***** EXERCISE DATA

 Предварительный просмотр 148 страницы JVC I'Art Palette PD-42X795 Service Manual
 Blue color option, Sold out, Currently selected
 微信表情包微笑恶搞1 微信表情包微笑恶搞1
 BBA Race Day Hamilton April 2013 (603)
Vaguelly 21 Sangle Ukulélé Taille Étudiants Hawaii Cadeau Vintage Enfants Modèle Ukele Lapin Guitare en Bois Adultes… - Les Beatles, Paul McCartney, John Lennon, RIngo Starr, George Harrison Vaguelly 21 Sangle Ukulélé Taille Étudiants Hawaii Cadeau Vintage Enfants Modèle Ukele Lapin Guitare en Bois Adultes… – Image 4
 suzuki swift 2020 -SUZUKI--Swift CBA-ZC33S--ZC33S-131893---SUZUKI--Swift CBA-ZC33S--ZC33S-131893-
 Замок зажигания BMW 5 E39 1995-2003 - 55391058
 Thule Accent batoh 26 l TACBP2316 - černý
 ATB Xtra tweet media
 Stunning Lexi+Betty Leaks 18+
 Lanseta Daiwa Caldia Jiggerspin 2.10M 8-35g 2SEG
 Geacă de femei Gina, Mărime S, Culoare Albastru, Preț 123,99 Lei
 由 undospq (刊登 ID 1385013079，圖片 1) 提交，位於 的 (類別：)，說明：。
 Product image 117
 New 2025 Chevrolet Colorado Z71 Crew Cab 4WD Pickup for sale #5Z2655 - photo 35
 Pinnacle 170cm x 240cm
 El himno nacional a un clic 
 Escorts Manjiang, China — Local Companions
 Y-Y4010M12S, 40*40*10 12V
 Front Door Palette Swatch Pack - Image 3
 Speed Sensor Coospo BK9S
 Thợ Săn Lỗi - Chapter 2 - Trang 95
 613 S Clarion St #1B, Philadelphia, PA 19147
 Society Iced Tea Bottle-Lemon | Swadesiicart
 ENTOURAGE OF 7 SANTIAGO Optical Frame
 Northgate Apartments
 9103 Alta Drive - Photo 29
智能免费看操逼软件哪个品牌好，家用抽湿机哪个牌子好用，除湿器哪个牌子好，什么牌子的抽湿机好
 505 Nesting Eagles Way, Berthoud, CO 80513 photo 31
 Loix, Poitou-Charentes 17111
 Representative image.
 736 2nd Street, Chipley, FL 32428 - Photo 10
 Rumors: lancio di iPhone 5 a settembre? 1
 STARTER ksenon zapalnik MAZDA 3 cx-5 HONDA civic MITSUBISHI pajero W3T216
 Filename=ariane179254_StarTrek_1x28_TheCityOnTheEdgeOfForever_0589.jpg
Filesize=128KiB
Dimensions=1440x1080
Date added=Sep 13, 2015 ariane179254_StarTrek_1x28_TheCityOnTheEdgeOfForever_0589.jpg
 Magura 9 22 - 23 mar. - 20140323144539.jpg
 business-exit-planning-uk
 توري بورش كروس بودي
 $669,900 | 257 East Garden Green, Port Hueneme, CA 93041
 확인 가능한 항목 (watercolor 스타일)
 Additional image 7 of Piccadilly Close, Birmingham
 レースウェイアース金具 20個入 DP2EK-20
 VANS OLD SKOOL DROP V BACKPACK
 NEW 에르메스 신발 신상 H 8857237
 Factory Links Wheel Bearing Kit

**********

■ TASK
With the line holding "BBA Race Day Hamilton April 2013 (603)" as the first and the line holding "Adultes… – Image 4" as the last, set down that range of the entries above exactly, and nothing else.

■ WRITTEN SOLUTION
 BBA Race Day Hamilton April 2013 (603)
Vaguelly 21 Sangle Ukulélé Taille Étudiants Hawaii Cadeau Vintage Enfants Modèle Ukele Lapin Guitare en Bois Adultes… - Les Beatles, Paul McCartney, John Lennon, RIngo Starr, George Harrison Vaguelly 21 Sangle Ukulélé Taille Étudiants Hawaii Cadeau Vintage Enfants Modèle Ukele Lapin Guitare en Bois Adultes… – Image 4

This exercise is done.